Le trouvez vous "sociologiquement" chrétien et trop éloigné de la sobriété de l'Evangile ? Aimez-vous les Russes ? Trouvez-vous qu'ils sont plus évangéliques (abrupts) ? Pour finir, un Russe peut-il vraiment être athée ?
Je le disais d'une façon très personnelle et générale, par rapport à la charité et à l'empathie. J'aurais mille autres exemples non-russes à donner, mais ceux de Gontcharov et de Tchekhov me sont venus comme ça, parce que ce sont des écrivains purs de toute idéologie dans leurs écrits, et que leur approche du personnage irradie la bienveillance. Je ne juge pas la foi de Dantec mais le christianisme arme de guerre me révulse. Dostoïevski disait qu'entre la Vérité et le Christ, il choisirait le Christ. Mais son Journal dit autre chose, et lui aussi va vers l'idéologie religieuse arme de guerre. Oui, j'aime les Russes, autant que les Italiens, les Polonais ou les Inuits. Mais ce que dit Dantec des Russes actuels, persécuteurs de Tchétchènes et compagnie mais tellement plus fréquentables que les affreux Européens, n'est-ce pas, me navre également. Poutine le pur: tu parles ! Autant dire que les livres de Dantec m'intéressent essentiellement dans leur questionnement, beaucoup moins par les réponses de l'écrivain. Un Russe peut-il être athée ? Un homme peut-il être athée ? Il peut se dire athée, mais peut-il l'être ? Et quand il se dit athée, n'est-ce pas pour échapper à tout ce qui a été verrouillé par l'idéologie ecclésiastique ? Chestov aurait parlé de désespoir à propos de Tchekhov, ou d'agnosticisme plus que de d'athéisme, mais il le voyait cheminant vers un désespoir de plus en plus noir, ce qui se discute au demeurant... Mon Russe préféré est cependant le fraternel Tchekhov, mais je suis fou de Rozanov aussi pour sa poésie intimiste, alors que me révulse son idéologie antijuive et antichrétienne. En fait c'est de la clôture idéologique que je me méfie le plus, dont Alexandre Zinoviev a bien analysé les effets délétères, avant de les subir lui-même. Bref, tout ça n'est pas simple. Merci de votre attention.

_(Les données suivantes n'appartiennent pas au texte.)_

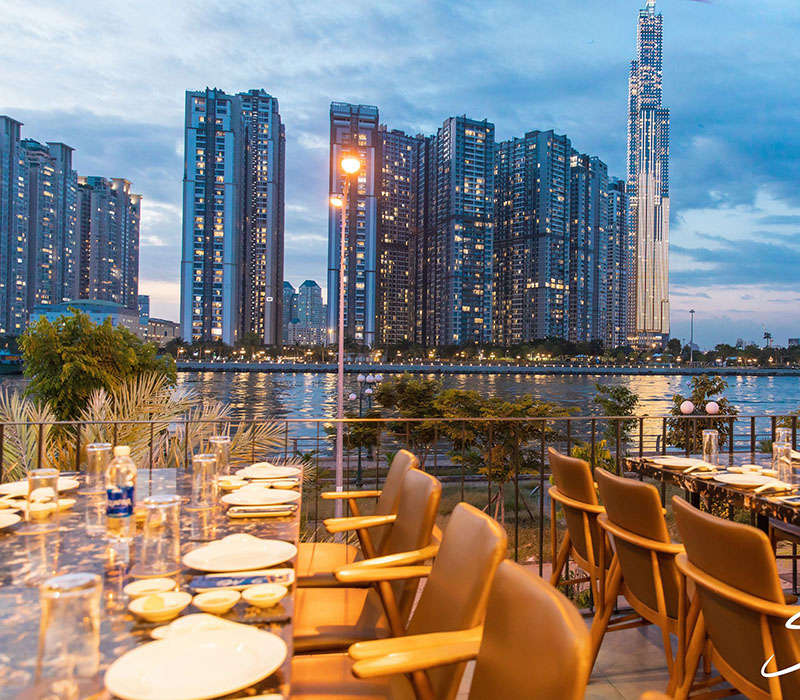 Top 8 restaurants by the Saigon River with great views and delicious food 7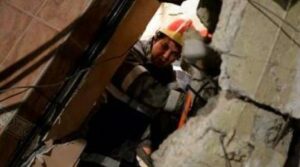 انهيار جدار منزل آيل للسقوط يخلف قتلى وجرحى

Cher JLK, je rattrape progressivement mon retard de lecture de ton blog, et il y a de quoi faire ! Très intéressée par ta lecture de Dantec. Je n'ai lu de lui que ses deux polars initiaux, la Sirène Rouge et les Racines du Mal (très beaux) et je me posais des tas de questions, car le personnage dérange et suscite de vives réactions... Après t'avoir lu, j'ai grande envie de m'attaquer à Cosmos Inc. pour commencer ; mais peut-être en bibliothèque, faute de place pour loger des bouquins de 800 pages. On en reparlera.